1st Edition

‘Two Scrubby Travellers’: A psychoanalytic view of flourishing and constraint in religion through the lives of John and Charles Wesley

By Pauline Watson Copyright 2018
    212 Pages 4 B/W Illustrations
    by Routledge

    The ways in which people change and grow, and learn to become good, are not only about conscious decisions to behave well, but about internal change which allows a loving and compassionate response to others. Such change can take place in psychotherapy; this book explores whether similar processes can occur in a religious context.

    Using the work of Julia Kristeva and other post-Kleinian psychoanalysts, change and resistance to change are examined in the lives of John Wesley, the founder of Methodism, and his brother Charles, the greatest English hymn-writer.
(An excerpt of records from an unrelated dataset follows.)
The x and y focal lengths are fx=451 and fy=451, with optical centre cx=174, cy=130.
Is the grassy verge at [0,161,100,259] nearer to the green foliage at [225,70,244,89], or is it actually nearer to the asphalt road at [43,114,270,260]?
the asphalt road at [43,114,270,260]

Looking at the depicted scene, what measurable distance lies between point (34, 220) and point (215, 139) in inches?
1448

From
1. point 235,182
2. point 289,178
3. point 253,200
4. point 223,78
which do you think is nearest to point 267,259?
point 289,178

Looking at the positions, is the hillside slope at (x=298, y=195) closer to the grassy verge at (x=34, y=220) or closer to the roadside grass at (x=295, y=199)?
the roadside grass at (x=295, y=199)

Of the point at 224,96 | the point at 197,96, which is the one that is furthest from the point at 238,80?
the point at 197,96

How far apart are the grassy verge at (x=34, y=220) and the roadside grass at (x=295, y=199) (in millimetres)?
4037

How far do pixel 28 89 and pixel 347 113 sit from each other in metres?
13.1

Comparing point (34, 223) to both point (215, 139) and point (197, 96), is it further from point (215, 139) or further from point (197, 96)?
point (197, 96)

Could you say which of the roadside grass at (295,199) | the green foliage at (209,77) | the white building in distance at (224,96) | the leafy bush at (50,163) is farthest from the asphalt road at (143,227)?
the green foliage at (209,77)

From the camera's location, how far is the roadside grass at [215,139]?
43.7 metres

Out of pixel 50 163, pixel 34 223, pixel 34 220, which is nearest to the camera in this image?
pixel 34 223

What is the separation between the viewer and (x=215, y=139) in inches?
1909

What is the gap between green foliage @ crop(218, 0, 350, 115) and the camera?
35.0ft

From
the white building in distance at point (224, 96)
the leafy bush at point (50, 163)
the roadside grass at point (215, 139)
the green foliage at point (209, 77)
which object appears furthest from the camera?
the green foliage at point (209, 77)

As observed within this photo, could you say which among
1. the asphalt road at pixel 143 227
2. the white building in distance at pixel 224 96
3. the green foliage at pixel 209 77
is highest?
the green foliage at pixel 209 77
Their mother’s description of them as young men as ‘two scrubby travellers’, was a prescient expression indicating their future pilgrimage, which they negotiated through many struggles and compromises; it points towards the ‘wounded healer’, a description which could be applied to John in later years. The use of psychoanalytic thought in this study allows the exploration of unconscious as well as conscious processes at work and interesting differences emerge, which shed light on the elements in religion that promote or inhibit change, and the influence of personality factors.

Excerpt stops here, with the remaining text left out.